My husband warned me of this. He’s a “real” teacher (I put quotation marks because as you’ll see in the following point, I don’t think that teachers who teach in schools are the only real teachers. Keep reading.). He said that the beginning of every year is just about managing expectations and reorienting kids to their schedules. For me, not only was I reorienting my class of two back to the idea of school, I was introducing a new way of doing school. The first day was fantastic. The novelty of starting kindergarten was just exciting enough to propel them through the day! But that novelty faded entirely by day two. By day two, they just wanted to be allowed to play Barbies in the playroom and forego all lessons. But my discipline is teaching them discipline. I persevered through school and they did as well. Which leads me to my next take-away…

2. I am not just teaching school.

I’m teaching my daughters how to be functioning parts of our family, how to weather responsibility, how to be helpful, and how to be disciplined. Our day doesn’t start with academics, but it certainly starts with lessons. We do chores together before breakfast and I’ve given each of my girls a new task; for example, putting away their folded laundry, something I had previously done for them. By the end of the week, they both did this chore without being told. It’s tremendously sobering and awesome to realise that by having them home, as functioning parts of the family, I’m teaching them to be better stewards of their future homes.

3. Homeschool teachers are absolutely teachers too.

No, I don’t have a teaching degree. But my free time is spent researching better ways to teach material, learning methodology, and activities for young learners. In theory, I never doubted that homeschool moms were real teachers—a large percentage of my teachers were homeschool moms, after all, and I think I turned out okay. But in practice, I’m afraid I looked down on the amount of work my mother and mothers like her have been doing. This is a huge undertaking. A full-time job. There were a few days this week where I all but fell into bed exhausted at the end of the day, unable to do more than give my husband a little kiss before immediately snoring.

4. Dress for the job you want until it becomes the job you have.

This is a kind of silly take away, but I dress like a kindergartener teacher now. Think Jessica Day from New Girl… Skirt, cardigan, one day I even wore shoes. There’s this idea that homeschoolers just do school in their jammies. Well, maybe I’ll do that in a week or two. But oddly enough, looking like a teacher has made my kids respect me as a teacher. Because I take this seriously, they take this seriously. And besides, the day I started school in a less professional t-shirt and leggings, they asked to wear their Elsa costumes to school.

5. I now understand my mother’s coffee addiction.

I thought I was bad before, but suddenly I have a cup of coffee in my hand all day, begging my body to keep up with two incredibly active kindergartens. I will now only ever be giving my teacher friends coffee gift cards. We clearly don’t need anything else.
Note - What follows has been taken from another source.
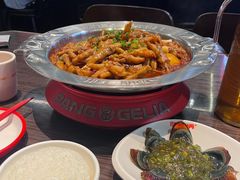 -胖哥俩肉蟹煲(湛江印象汇店)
6. I am finally where I am supposed to be.

I’ve wanted to be everything. An opera diva. An actress. A writer. A career woman. But I’ve never fit into those roles perfectly. They were like ill-fitting costumes I was trying to pass off as everyday clothes; always what I thought I wanted and needed, but always ever so slightly uncomfortable. After twenty-seven agonising years of trying to find myself, I am completely at rest where God has wanted me to be and needs me to be. This is my calling: to be home with my children, teaching them and training them, and to be a wife, orchestrating and organising my household to see my family thrive in the best way possible. This is the opposite of what I was told to want as the modern American woman. But I don’t care. I am where God wants me and I have never been happier or more fulfilled in my life.

And finally…

7. I love my children so much it hurts.

They‘re kids… At some moments they are difficult, stubborn, don’t want to learn, belligerent, and throw tantrums. But mostly, they are kind, caring, sensitive, loving, hilarious, always brilliant little sponges that soak up all the information I throw their way. This job is a joy and a privilege and I’m so grateful that I’m being given the opportunity to raise them AND teach them.

Week Two is fast upon us! I’m so excited for the rest of this year!